Everyone calculates development costs. Almost nobody tracks what didn’t get built while we were building.
I want to share a painful story from our Series B journey that completely changed how I think about build vs buy decisions.
The 6-Month Analytics Build
We decided to build a custom analytics and reporting system. The reasoning seemed sound:
- Amplitude would cost $80K/year at our scale
- Our engineering team could build it in “3-4 months”
- We’d have exactly the features we wanted
- We’d own our data and avoid vendor lock-in
The build took 6 months (surprise). The team delivered exactly what we asked for. The CFO loved the cost savings story. Everyone celebrated.
What Actually Happened
During those 6 months:
Our competitors shipped:
- Advanced workflow automation (the #1 customer request)
- Enterprise SSO integration
- A mobile companion app
We shipped:
- A custom analytics dashboard our internal team uses
- Zero customer-facing features for 6 months
Market perception consequence:
Our main competitor started being positioned as “the innovative leader.” We became “the reliable but slow alternative.”
That perception shift didn’t happen because we built bad products - it happened because we went dark on customer-facing innovation for half a year.
The Compounding Effect of Delay
Here’s what most ROI calculations miss: Being 6 months behind on features doesn’t mean you’re just 6 months behind.
When competitors ship enterprise SSO in Q2:
- They start closing enterprise deals in Q3
- Those customers become references in Q4
- By Q1 next year, they’re “the enterprise-ready solution”
- When we finally ship SSO in Q4, the narrative is “catching up” not “leading”
The market positioning damage compounds. Being 6 months late on a strategic feature can mean 12-18 months to recover market perception.
The True Cost Equation
The real cost of that analytics build:
- Direct cost: $180K in engineering time (6 months, 3 engineers)

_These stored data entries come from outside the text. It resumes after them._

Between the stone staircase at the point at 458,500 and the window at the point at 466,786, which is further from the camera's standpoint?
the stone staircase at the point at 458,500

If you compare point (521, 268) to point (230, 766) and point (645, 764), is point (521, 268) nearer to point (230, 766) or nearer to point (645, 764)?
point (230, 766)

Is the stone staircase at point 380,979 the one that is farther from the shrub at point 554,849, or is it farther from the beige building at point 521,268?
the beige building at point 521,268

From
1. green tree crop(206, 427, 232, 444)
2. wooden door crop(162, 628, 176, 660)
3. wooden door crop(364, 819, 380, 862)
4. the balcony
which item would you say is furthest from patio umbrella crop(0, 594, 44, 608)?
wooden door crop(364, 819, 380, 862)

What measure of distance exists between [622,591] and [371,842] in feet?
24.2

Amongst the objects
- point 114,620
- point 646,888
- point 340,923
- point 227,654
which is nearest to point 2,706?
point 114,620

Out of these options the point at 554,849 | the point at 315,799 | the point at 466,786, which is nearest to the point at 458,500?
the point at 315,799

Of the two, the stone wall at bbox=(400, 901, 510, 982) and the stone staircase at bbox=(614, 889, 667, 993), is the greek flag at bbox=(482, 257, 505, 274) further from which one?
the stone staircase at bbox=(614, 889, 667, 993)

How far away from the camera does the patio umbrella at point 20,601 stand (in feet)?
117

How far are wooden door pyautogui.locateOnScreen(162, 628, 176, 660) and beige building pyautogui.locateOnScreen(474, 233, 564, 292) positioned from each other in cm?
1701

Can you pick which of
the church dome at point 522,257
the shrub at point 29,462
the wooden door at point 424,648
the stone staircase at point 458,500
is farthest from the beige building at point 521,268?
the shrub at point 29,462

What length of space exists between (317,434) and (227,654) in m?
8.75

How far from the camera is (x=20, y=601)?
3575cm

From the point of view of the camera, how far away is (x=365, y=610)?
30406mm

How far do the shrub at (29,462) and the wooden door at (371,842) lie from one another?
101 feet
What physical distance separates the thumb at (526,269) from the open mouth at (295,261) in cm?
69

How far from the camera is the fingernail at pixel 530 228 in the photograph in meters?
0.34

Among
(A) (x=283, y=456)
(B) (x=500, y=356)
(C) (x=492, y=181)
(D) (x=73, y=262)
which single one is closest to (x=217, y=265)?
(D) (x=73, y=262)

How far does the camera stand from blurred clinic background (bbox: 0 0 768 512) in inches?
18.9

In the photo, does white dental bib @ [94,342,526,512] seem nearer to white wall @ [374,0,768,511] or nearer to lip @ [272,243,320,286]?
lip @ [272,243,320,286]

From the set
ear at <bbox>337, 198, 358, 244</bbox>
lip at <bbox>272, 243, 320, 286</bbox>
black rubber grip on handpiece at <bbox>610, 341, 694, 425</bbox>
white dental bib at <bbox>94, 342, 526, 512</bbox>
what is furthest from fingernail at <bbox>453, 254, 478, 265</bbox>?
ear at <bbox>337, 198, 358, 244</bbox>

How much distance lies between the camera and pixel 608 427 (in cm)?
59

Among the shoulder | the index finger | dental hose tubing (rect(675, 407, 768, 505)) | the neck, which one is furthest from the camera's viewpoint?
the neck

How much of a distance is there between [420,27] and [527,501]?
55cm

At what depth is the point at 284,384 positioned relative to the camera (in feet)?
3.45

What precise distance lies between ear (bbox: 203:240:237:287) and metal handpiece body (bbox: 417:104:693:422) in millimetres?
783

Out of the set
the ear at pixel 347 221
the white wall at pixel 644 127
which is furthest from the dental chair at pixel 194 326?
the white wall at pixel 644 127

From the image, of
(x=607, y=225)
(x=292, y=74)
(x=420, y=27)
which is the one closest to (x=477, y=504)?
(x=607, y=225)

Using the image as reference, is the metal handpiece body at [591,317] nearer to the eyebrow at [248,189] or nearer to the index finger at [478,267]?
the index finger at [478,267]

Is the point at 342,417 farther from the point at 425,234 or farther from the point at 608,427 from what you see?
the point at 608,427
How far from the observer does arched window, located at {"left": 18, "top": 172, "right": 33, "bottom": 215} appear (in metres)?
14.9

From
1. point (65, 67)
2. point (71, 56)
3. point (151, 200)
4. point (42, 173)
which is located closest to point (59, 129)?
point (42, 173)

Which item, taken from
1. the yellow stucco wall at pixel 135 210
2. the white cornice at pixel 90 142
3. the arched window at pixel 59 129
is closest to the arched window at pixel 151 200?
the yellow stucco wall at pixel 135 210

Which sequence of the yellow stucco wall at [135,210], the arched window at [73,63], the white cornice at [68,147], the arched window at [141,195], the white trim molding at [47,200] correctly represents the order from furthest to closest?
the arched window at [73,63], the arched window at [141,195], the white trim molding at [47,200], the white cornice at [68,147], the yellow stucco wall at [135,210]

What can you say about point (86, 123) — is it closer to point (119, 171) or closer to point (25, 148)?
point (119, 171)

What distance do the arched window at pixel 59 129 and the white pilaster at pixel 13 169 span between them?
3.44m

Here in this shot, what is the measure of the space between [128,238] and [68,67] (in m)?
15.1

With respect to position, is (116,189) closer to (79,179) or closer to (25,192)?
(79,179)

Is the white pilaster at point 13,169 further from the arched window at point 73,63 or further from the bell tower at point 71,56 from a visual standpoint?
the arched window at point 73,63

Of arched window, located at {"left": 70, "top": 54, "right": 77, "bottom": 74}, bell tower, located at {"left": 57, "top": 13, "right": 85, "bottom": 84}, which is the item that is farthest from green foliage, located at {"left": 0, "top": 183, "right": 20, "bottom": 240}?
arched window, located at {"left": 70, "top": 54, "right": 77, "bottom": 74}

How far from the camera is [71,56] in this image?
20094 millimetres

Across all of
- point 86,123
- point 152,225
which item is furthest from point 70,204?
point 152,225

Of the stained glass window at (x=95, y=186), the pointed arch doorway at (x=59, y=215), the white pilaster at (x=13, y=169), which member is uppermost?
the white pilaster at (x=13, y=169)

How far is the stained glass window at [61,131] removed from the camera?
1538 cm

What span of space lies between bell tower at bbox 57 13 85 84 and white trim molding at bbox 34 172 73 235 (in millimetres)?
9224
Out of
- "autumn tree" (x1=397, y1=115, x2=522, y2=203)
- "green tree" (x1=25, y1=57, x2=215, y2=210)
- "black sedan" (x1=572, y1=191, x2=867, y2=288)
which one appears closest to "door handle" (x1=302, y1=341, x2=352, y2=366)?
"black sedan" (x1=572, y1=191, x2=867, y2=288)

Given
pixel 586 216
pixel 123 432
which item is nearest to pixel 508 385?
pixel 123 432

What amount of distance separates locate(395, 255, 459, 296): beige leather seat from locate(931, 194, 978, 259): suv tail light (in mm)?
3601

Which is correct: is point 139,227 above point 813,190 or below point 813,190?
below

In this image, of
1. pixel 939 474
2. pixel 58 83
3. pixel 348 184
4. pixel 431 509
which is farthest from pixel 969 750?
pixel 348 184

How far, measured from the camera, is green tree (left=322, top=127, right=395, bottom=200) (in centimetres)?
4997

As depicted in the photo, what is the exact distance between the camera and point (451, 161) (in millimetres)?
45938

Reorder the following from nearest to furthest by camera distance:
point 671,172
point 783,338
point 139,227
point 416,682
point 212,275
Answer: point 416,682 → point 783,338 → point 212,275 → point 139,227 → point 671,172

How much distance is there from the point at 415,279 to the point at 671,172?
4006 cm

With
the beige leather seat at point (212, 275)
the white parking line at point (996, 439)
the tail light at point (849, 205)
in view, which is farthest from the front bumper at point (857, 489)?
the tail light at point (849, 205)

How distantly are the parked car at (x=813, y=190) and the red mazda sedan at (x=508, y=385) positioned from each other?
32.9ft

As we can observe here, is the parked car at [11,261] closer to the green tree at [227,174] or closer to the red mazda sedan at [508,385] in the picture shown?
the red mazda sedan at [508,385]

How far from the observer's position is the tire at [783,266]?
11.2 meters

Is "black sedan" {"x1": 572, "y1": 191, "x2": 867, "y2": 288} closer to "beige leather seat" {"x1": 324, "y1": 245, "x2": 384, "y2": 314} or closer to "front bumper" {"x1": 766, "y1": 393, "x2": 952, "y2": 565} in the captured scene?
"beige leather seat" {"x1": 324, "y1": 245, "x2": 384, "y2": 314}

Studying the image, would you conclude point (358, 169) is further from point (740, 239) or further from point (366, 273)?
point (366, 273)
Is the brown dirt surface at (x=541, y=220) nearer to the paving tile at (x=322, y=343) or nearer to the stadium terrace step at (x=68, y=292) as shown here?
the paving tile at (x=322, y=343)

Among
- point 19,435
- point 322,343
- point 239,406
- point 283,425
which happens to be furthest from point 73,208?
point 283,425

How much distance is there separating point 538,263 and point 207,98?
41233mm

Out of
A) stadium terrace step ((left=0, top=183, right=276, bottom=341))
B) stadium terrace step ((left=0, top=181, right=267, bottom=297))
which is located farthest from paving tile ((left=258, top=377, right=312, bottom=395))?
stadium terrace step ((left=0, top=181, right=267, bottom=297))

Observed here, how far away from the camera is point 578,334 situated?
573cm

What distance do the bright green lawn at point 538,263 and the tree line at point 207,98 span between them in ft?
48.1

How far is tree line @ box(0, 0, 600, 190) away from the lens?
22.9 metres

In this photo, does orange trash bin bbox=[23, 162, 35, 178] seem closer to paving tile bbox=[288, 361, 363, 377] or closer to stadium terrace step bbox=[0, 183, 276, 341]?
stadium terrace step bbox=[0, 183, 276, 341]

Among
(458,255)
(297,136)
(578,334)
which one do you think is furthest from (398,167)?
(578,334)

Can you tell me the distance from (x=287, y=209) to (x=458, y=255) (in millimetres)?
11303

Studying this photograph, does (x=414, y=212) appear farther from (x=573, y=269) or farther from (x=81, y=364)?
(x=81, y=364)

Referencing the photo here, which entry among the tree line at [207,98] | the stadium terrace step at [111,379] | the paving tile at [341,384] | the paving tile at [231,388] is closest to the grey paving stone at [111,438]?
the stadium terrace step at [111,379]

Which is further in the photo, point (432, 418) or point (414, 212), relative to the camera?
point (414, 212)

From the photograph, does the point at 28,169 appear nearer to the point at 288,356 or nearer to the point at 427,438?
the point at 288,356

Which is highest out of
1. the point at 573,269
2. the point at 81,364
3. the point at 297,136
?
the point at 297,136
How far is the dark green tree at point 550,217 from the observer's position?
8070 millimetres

- Opportunity cost: $2M+ in deferred revenue from delayed enterprise features
- Market positioning cost: Immeasurable but significant
- Competitive moat erosion: Our competitors built advantages while we built internal tools
Compare to:
- Amplitude cost: $80K/year = $40K for those 6 months
- Features shipped: 3 major customer-facing capabilities
- Revenue impact: Positive
The Framework That Would Have Saved Us
Strategic Resource Allocation:
- 80% of engineering resources on differentiation and revenue drivers
- 20% maximum on enabling infrastructure
- If a build doesn’t qualify for the 80%, question whether to build it at all
The Pitch Deck Test:
If this capability wouldn’t appear on a slide in our Series C pitch deck as a differentiator, we shouldn’t build it.
Analytics dashboard? Not on the pitch deck.
Industry-specific workflow automation? Definitely on the pitch deck.
Cost of Delay Calculation:
For every major feature we defer, estimate:
- How much ARR are we losing per month of delay?
- How many customer conversations are we losing?
- What competitive positioning are we giving up?
The Brutal Honesty We Need
Most “strategic” build decisions are actually “not invented here” syndrome. Engineers want to build interesting things. Product leaders want perfect solutions. Nobody wants to admit we’re building because it’s more fun than buying.
But fun doesn’t compound into competitive advantage. Shipping customer value does.
The question isn’t “Can we build this?” The question is “What are we NOT building if we build this?”
What frameworks are you using to quantify opportunity cost in build vs buy decisions?